…till death do us part.
When you stop to dwell on those familiar words, it becomes evident that they apply not just to those we meet at the altar, but to our friends, family; all our relationships in life, that at some point must inevitably come to an end. But what if they didn’t have to? What if there was a way to live on forever; to visit those whose bodies have long since fallen away, indefinitely, even after passing away ourselves.
Thus is the idea behind the Soul Cloud, a device capable of recreating someone’s personality, their likes and dislikes, and all of their memories in digital form where they can be visited by loved ones, and continue their life without the fear of death hanging over them…that is, until the server itself begins to die, and all those inhabiting it.
Here lies the basic premise to Master Reboot, a wildly ambitious project from the small team at Wales Interactive, which places you inside the Soul Cloud at the point of its downfall as an unknown protagonist just as lost as you are admist its bizarre architecture and endless hallways. It’s a game that is hard to categorize because from each moment to the next you are found doing something entirely different, though all in the attempt to discover who you are and what has happened to an invention hailed as one of the most important in recent memory.
The narrative unfolds in a nonlinear, but structure format, with each memory you revisit giving you but a small piece of the overarching plot, until it finally falls into place and you’re clued in on what all of it has been for. Unfortunately, that revelation falls a bit flat, switching gears at the last moment and leaving you with an empty sort of nothingness that doesn’t sufficiently wrap up the myriad of loose ends that have been scattered before you during the course of the game. As the credits began to roll, I couldn’t help but feel the developers had forgotten I was still expecting an ending, and had decided to simply go with the last-minute plot device to close things off.
Up until that point though the game is an entirely different beast, one that reinvents itself with each level giving you a new mechanic or puzzle to work with. The variety is great, and certainly welcome, but it also creates Master Reboot’s biggest problem, its terrible inconsistency. Moment to moment it manages to reach both impressive heights and dreadful lows, fluctuating between the things that work and mechanics that never should have been in the game at all.
This is most apparent when the developers attempt to juxtapose in horror elements which create aggravating instant kill scenarios that both break immersion, and are completely off from the emphasis on atmosphere and exploration that is found in most of the game. Along with these come arbitrary time limits that force you to continually replay segments, one-off action sequences that aren’t properly explained, and an abundance of odd elements that don’t have time to be expanded upon into anything meaningful. I can appreciate all the ideas at play here, but find it hard to ignore how only about half of them actually work and fit within the game.
Similarly, the ascetic is one of the game’s biggest assets, with a creative and engaging art direction and some stunning lighting effects. It’s a huge shame then that so much of the game is inside cramped, dark environments, with blurry textures and some truly horrific pop-in (even for a game running Unreal Engine 3). When you’re taken out of the buildings and hallways, it’s truly a sight to behold, but these moments are fleeting to the point I purposely stayed longer in them to appreciate how beautiful they are.

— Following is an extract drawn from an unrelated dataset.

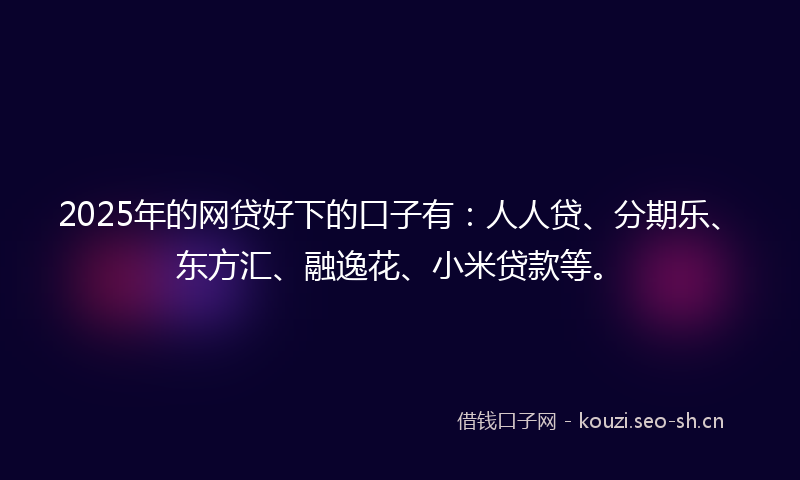 2025年的网贷好下的口子有：人人贷、分期乐、东方汇、融逸花、小米贷款等。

Perhaps more aggravating than the discrepancies in the art design is the constant awkward cuts away from your perspective. Games like Bioshock and Half-Life proved that you can tell a great first-person story without the need to continually take control and the camera away from the player, so the fact Wales Interactive opted for such a graceless method of showcasing important moments is frustrating, and greatly impacted my enjoyment.
The off-putting animated cutscenes that cap each memory were also an odd choice, feeling completely disconnected from the rest of the game even after you learn of the reason for them being there. Poor sound design is also disappointing, as the actual music and effects are quite good at immersing you in the experience, but were not even given a proper stereo directing to where everything sounds as if it’s coming from the everywhere.
It might sound as if I abhorred Master Reboot, but in truth I actually enjoyed it to give a cautious recommendation despite its flaws. It’s a surreal adventure with big ideas, many of which it disappointingly can’t pull off, but when it does is truly fantastic. Wales Interactive has the definite makings of a great indie developer, with a uniquely imaginative vision that could lead to something great down the road.
It is certainly disappointing that they also inhabit the other end of the indie spectrum, with a significant lack of polish and numerous amateurish design choices. Master Reboot has some great moments, and some truly terrible ones, but in the end I was still happy to have played it and look forward to what will come out of the newly christened developer. Hopefully they will be able to learn from their mistakes, and build off the strong foundation here.